Autonomieminister Abbas soll Arafat beerben, meint die Fatah. Wird Haifas Bürgermeister Nachfolger Scharons?

Von Charles A. Landsmann,

Tel Aviv

Jassir Arafat und Ariel Scharon haben jetzt etwas gemeinsam: Angesichts der Ausweglosigkeit des Nahost-Konflikts geraten sie in den eigenen Reihen immer stärker unter Druck. Auf beiden Seiten werden Stimmen lauter, die für einen wirklichen Neuanfang mit neuen Leuten plädieren. So hat ausgerechnet das Zentralkomitee und der Revolutionsrat von Jassir Arafats Fatah-Bewegung diesen nach einer gemeinsamen Sitzung in Ramallah öffentlich aufgefordert, Mahmud Abbas, besser bekannt als Abu Mahsen, zum Ministerpräsidenten zu ernennen. Der als politisch gemäßigt eingestufte Abu Mahsen, Sekretär der PLO-Exekutive und Autonomieminister, gilt seit langem als inoffizieller Arafat-Stellvertreter und zweiter Mann in der palästinensischen Hierarchie.

Mit ihrem Vorstoß wollen Arafats Leute ihren greisen Anführer dazu zwingen, endlich eine Regierungsreform durchzuführen, mit der er selbst praktisch entmachtet wird. Denn wenn es nach den Plänen Washingtons und den Wünschen Israels geht, dann soll Arafat auf das weitgehend repräsentative Amt eines Präsidenten des noch zu gründenden Staates Palästina abgeschoben werden und das politische Geschäft einem Ministerpräsidenten überlassen.

Praktisch über Nacht hat nun auch Israel einen neuen Polit-Star, der eine personelle und politische Alternative zu Ariel Scharon werden könnte: Amram Mitzna, Bürgermeister von Haifa und Mitglied der Arbeitspartei.

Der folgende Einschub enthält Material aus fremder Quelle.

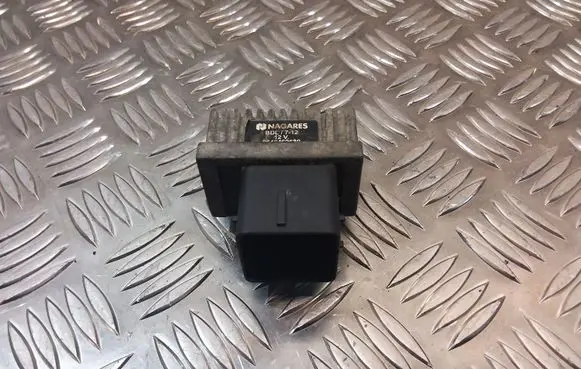 Renault Scenic II - Grand scenic II Glow plug pre-heat relay 9640469680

In aktuellen Meinungsumfragen hat Mitzna alle Politiker der Arbeitspartei hinter sich gelassen, obwohl er seine Kandidatur noch gar nicht offiziell verkündet hat.

Scharon verfügt noch über satte Mehrheiten im persönlichen Vergleich mit eventuellen Konkurrenten, doch seine Umfragewerte haben einen klar negativen Trend. Ging man bisher davon aus, dass die Wähler in Scharon den „starken Mann“ sahen, der als Einziger in der Lage ist, die Sicherheitsprobleme zu lösen, sind jetzt 60 Prozent der Wähler der Ansicht, dass er und seine Regierung unfähig sind, den Terror zu stoppen. Nur 36 Prozent trauen Scharon zu, die Gewalt zu beenden, 33 Prozent finden gar, dass seit seinem Amtsantritt die Palästinenser in dem Konflikt die Oberhand gewonnen haben.

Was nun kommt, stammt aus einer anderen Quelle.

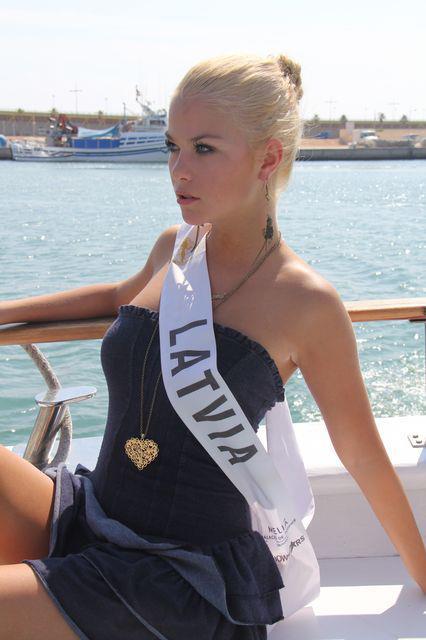 Miss And Cie ♔ Miss Intercontinental 2011 Jessica Hartman 7779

In dieser Situation ist das Ergebnis einer Umfrage des größten israelischen Zeitungskonzerns unter den Mitgliedern der Arbeitspartei eine Sensation. Würde die Arbeitspartei heute – und nicht erst im November – ihren Vorsitzenden und Spitzenkandidaten für die für das Frühjahr vorgesehenen Knessetwahlen bestimmen, so hieße dieser Amram Mitzna – obwohl der ehemalige General bisher nur vage davon gesprochen hat, gegen den jetzigen Parteichef und Verteidigungsminister Benjamin Ben Elieser und dessen Herausforderer Haim Ramon anzutreten. Für Mitzna sprachen sich 41 Prozent der Parteimitglieder aus, für Ben Elieser 30 Prozent, und Ramon kam nur auf magere 16 Prozent. In allen abgefragten Bereichen – von Glaubwürdigkeit, über Führungsfähigkeiten, Überzeugungskraft, Vernunft bis hin zur Tatkraft – liegt Mitzna gegenüber seinen Konkurrenten klar vorn. Mitzna hat seit seiner Dienstzeit bei der militanten Siedlerführung den Ruf eines „Palästinenserfreundes“, ein durchdachtes politisches Konzept besitzt er bisher nicht. Aus verschiedenen Äußerungen weiß man aber, dass er für den sofortigen Austritt der Arbeitspartei aus der Regierung, für die Gründung eines Staates Palästina, die Räumung von Siedlungen und einen Kompromiss in der Jerusalem-Frage eintritt. Ein echtes Kontrastprogramm zu Scharon.